[Available records]
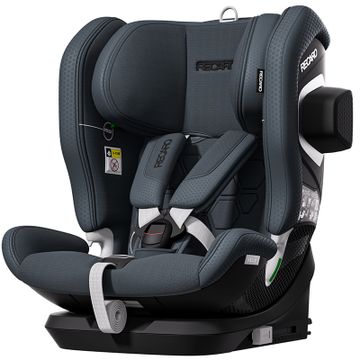Recaro VELIX 1 fotelik samochodowy 76-150 cm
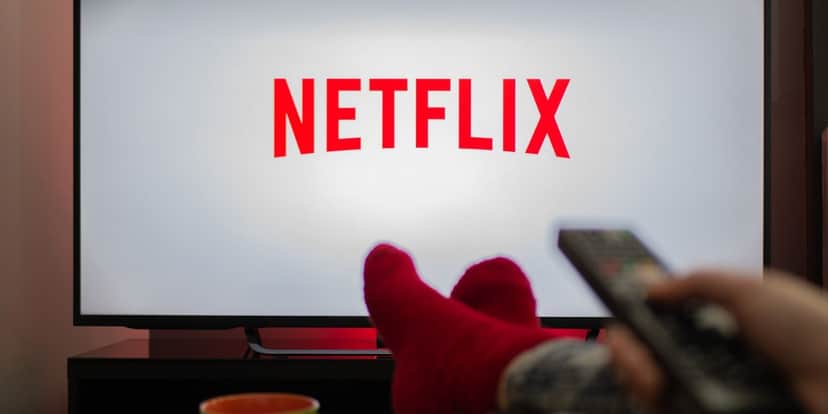 Netflix é uma gigante dos streamings - Foto: Internet Netflix é uma gigante dos streamings - Foto: Internet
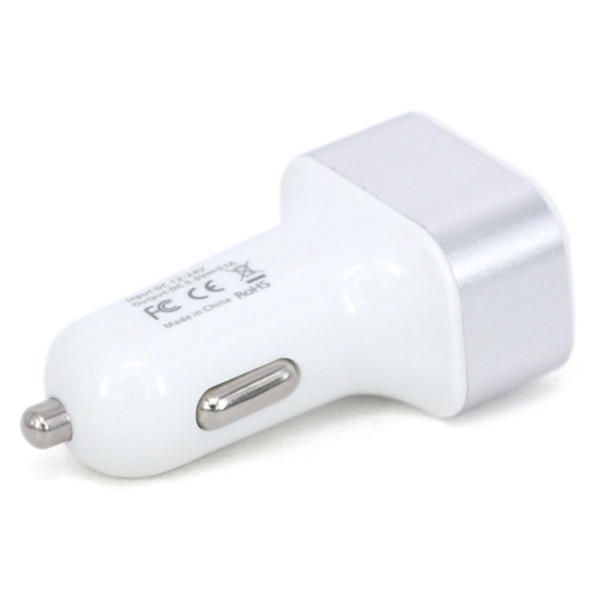 Haggin Car Charger - Haggin Car Charger - Image 7 of 11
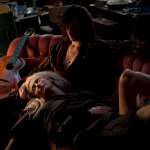 Tilda Swinton, Tom Hiddleston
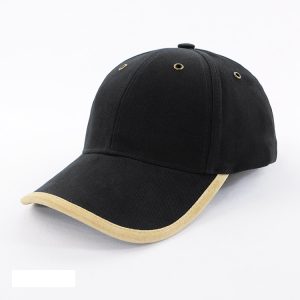 Suede Peak Heavy Cotton Cap Suede Peak Heavy Cotton Cap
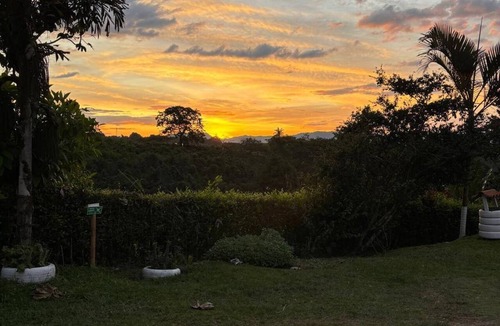 Quimbaya House | El Amanecer Farm Hotel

[Requirement] Set down exactly the lines between the line containing "Haggin Car Charger - Haggin" and the end of the records above, both ends included; pictures stay out.

[Written solution]
 Haggin Car Charger - Haggin Car Charger - Image 7 of 11
 Tilda Swinton, Tom Hiddleston
 Suede Peak Heavy Cotton Cap Suede Peak Heavy Cotton Cap
 Quimbaya House | El Amanecer Farm Hotel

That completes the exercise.